You may have heard the news that the way VAT (Value Added Taxation) is charged to companies based in the UK is changing. Those earning revenue through online trading need to pay VAT to the EU member state where the customer lives, as opposed to the previous system where the company paid the VAT from the country they chose to supply the goods or services from.

It is worth deciding if your firm needs to make a note of any new requirements. The government introduced changes specifically applying to anyone supplying telecommunications, broadcasting products and e-services. Below is a short summary of what to look out for, courtesy of HM Treasury and Customs.

VAT Changes – new supply rules and the introduction of the VAT Mini One Stop Shop (MOSS)
The new VAT rules apply to UK businesses from 1 January 2015. Some compliance issues worth considering are:
• Compliance option 1 – the main compliance issue each business will need to ask itself, is does it want to register for VAT, separately, in each Europe member state. This applies if they have a consumer, or non-VAT registered customer that is resident in that state.
• Compliance option 2 – Businesses can choose to apply for the mini one-stop shop (MOSS) option, which means the scheme simplifies VAT responsibilities into customer groupings by EU member state.

Under either scheme, a business will need to know the individual EU VAT rates in each member state they are trading in, and the particular rules that apply there.

Businesses need to be aware they are subject to an audit from that member state.

Systems and Processes Will Change for Business Account-keeping and VAT
Businesses will need to identify exactly where their customers are located. For many, this will mean a complete overhaul of record keeping systems. How customers are managed, means improved technology systems, which can take hold of large amounts of data. Part of the process of doing business may mean a business needs to enable more server space, for example.

New ways of storing customer information, and the increased details needed, mean a business will need to get this checked out by a legal team. If working in a B2B environment, this could lead to needing to negotiate new trading terms with suppliers.
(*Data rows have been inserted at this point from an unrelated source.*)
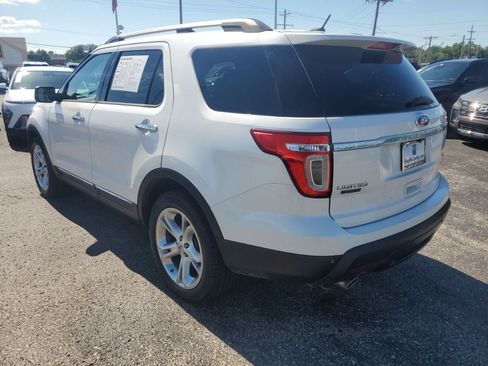 Used 2011 Ford Explorer Limited w/ 302A Rapid Spec Order Code AWD/4WD image 6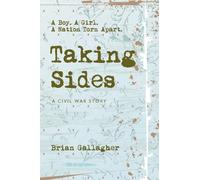 Brian Gallagher Taking Sides (Tascabile)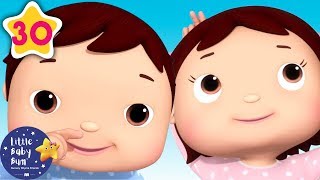 educational videos for toddlers one little finger nursery rhymes baby songs little baby bum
Ways of invoicing customers will need to change. Member state invoices need to be in the language of the customer’s country, and with the corresponding local taxation and VAT information clearly displayed.

Commercial Issues around Pricing
For a business, deciding how to apply VAT in the past would mean adding a percentage value wherever the VAT applies. Obviously, each product or service will attract a different percentage VAT addition, depending on where the customer lives.
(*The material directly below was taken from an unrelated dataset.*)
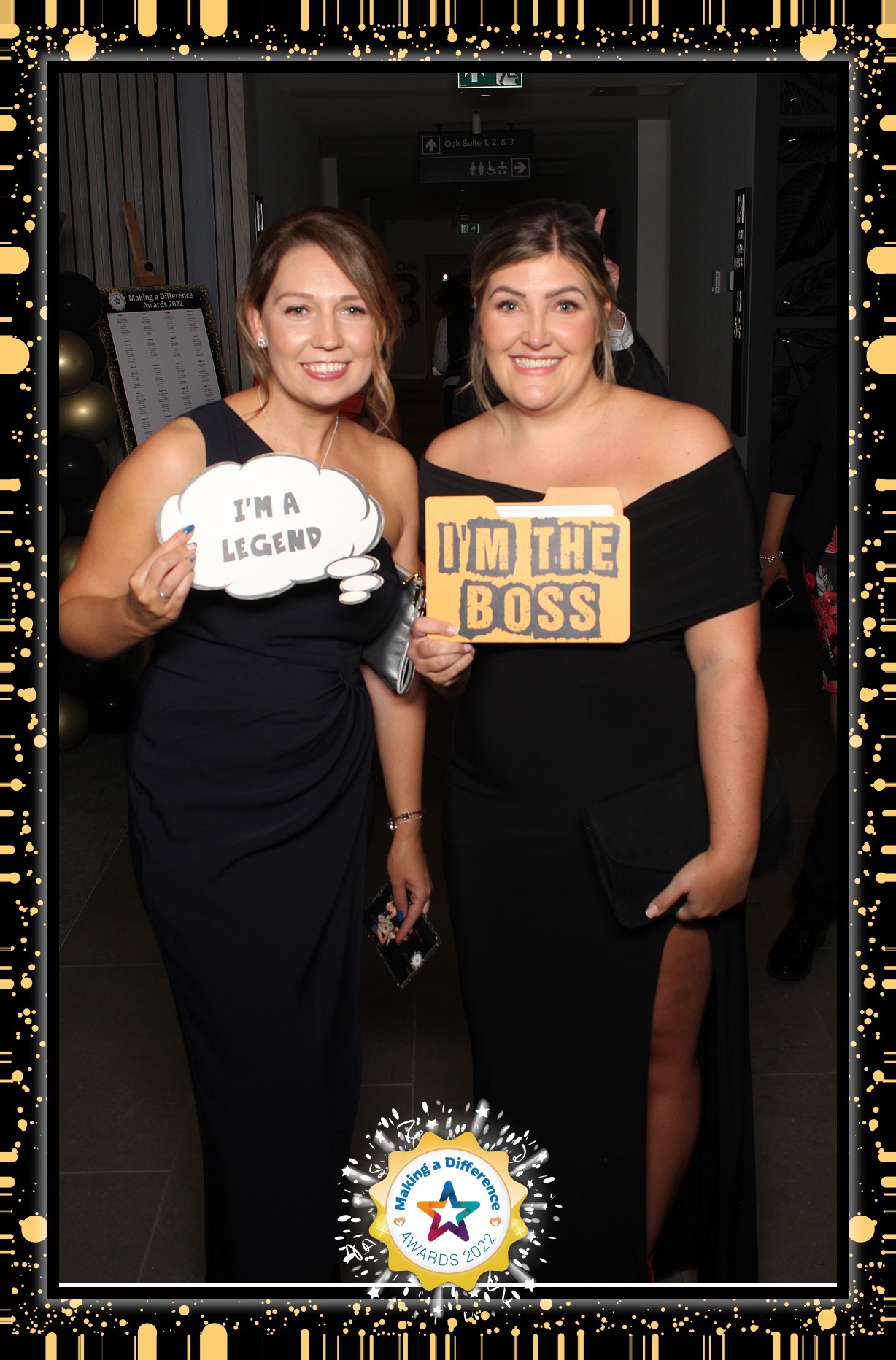 UHDB Making A Difference | View more photos from the event at gallery.imprintphotobooths.co.uk/u/Imprint-Photobooths/UHDB-Making-A-Difference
Pricing can be applied on an individual member state level, known as dynamic pricing, yet a business will need a good technology algorithm to apply the variations needed for auto-calculations to be accurate every time. It may be the case, a business will need to think about their customers at the point-of-sale. Do they need to fill out a bit more information, and if so, do contact and order forms need adjustment?

Another option is to go for a blended rate, or universal pricing, which gives uneven margins, but to the business provides an acceptable level of profit. This may be the preferred method of pricing.

Issues over pricing may cause a business to relocate, if many customers are in a certain EU state where VAT is lower than their current location.